Downtick in investor sentiment in Asia’s real estate market

Asia Pacific Real Estate market

Third-quarter deal count in the Asia Pacific fell 38 percent year-on-year to US$32.6 billion, recording the lowest third-quarter volumes for a decade in the region, according to a a new report jointly published by the Urban Land Institute (ULI) and PwC. Mainland China accounts for the biggest decline with a fall of 23 percent year-on-year, the 17th edition of the Emerging Trends in Real Estate Asia Pacific Report reveals.

“Rising interest rates and the slowing global economy are beginning to impact regional asset valuations and changing the way investors assess potential deals. As a long-term inflation hedge, real estate will continue to draw capital, but the industry is also likely to undergo significant change over the coming years, due to the evolving economic environment and changes in the ways that people use the built environment” David Faulkner, President of ULI Asia Pacific, said.

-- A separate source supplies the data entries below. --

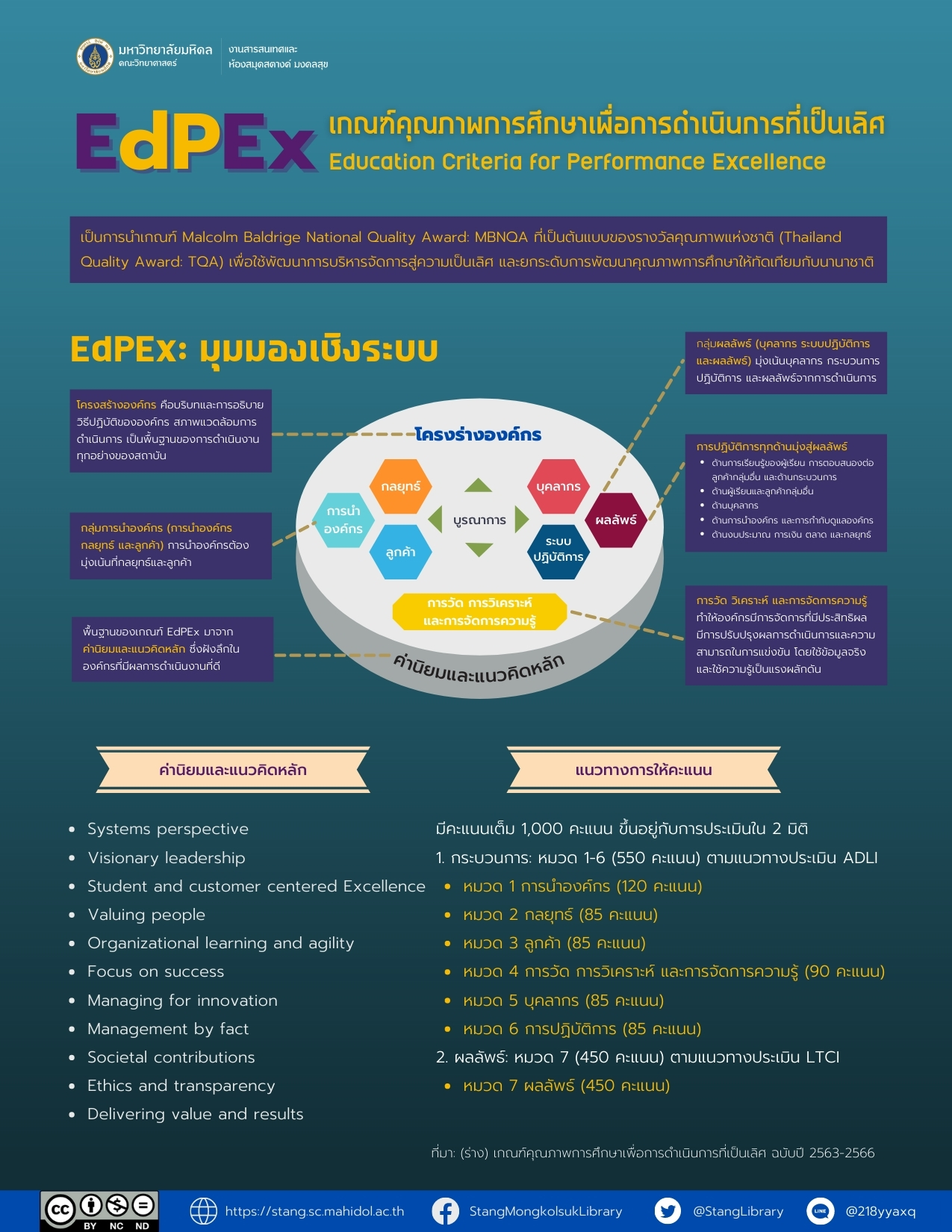 EdPEx เกณฑ์คุณภาพการศึกษาเพื่อการดำเนินการที่เป็นเลิศ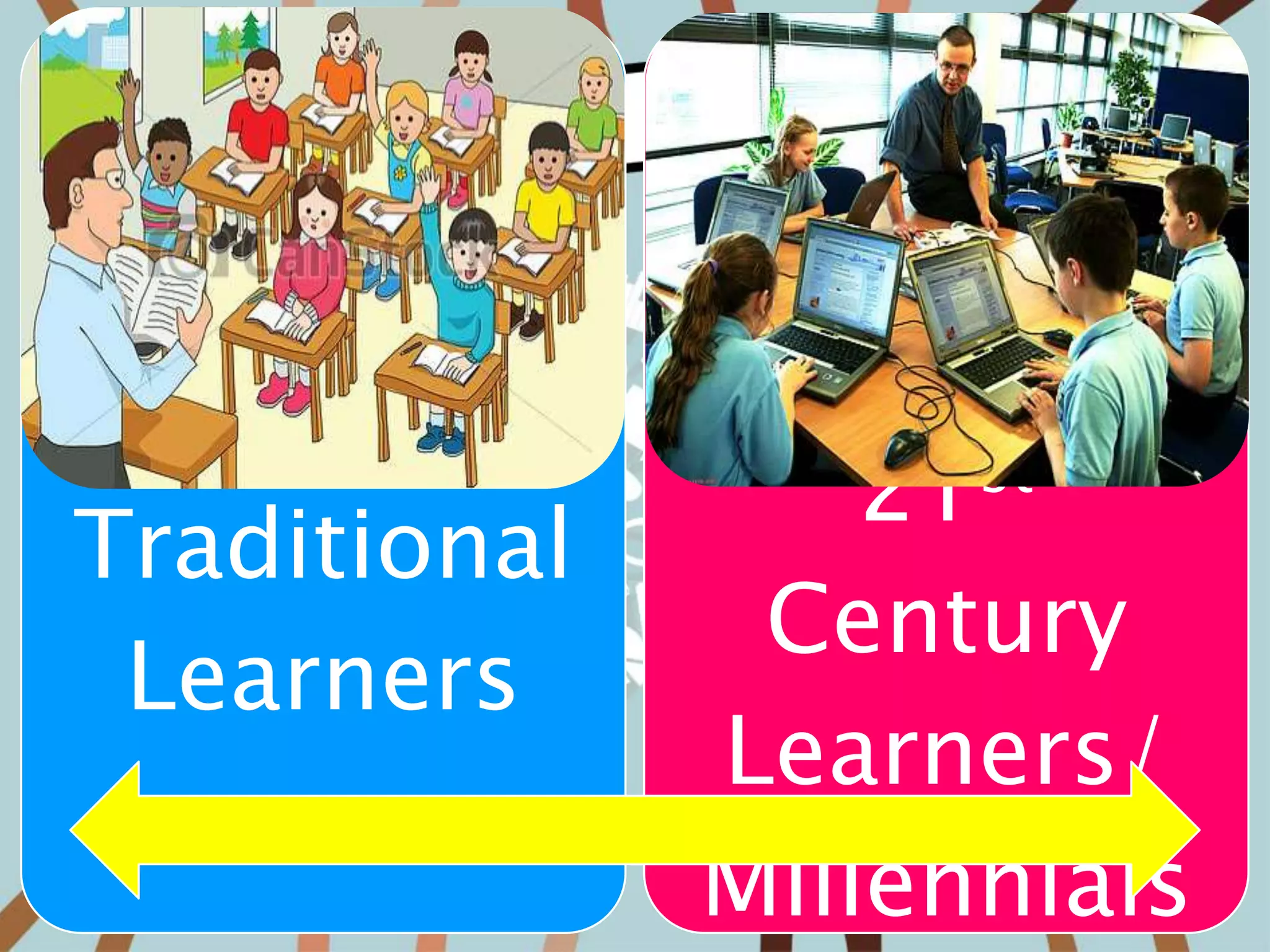 10
Traditional
Learners
21st
Century
Learners/
Millennials
 
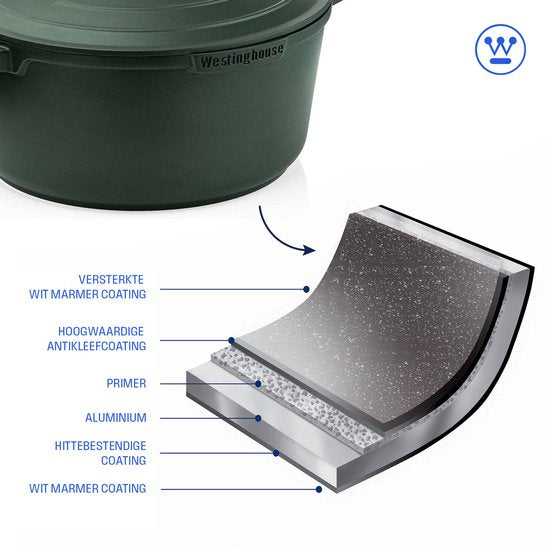 Casserole Westinghouse Performance – Ø 24 cm – Casserole à induction – Avec couvercle – Verte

The top markets for investment prospects in the region were characterised by deep, liquid markets and a flight-to-safety approach. Singapore, Tokyo and Sydney continue to rank as the top three markets. With the ongoing liquidity crisis in Mainland China’s property sector and persistent pandemic restrictions, Singapore has benefitted from the redirection of capital that might otherwise have been placed in assets in Mainland China and Hong Kong SAR. Tokyo continues to enjoy a near-zero interest rate environment, which ensures lower borrowing costs and a more positive spread over the cost of debt. Despite the easing of COVID restrictions in Hong Kong SAR, its status as the most expensive commercial and residential market in the Asia Pacific has made it vulnerable amidst the current high-inflation recessionary environment.

The office sector remains the biggest asset class in the region. Prime assets in business precincts and districts are invariably in short supply and are constantly the targets of regional core funds competing to place capital. At the same time, wide pricing gaps between buyers and sellers are expected to persist for some time.

The report is based on a survey of 233 real estate professionals and 101 interviews with investors, developers, property company representatives, and lender brokers.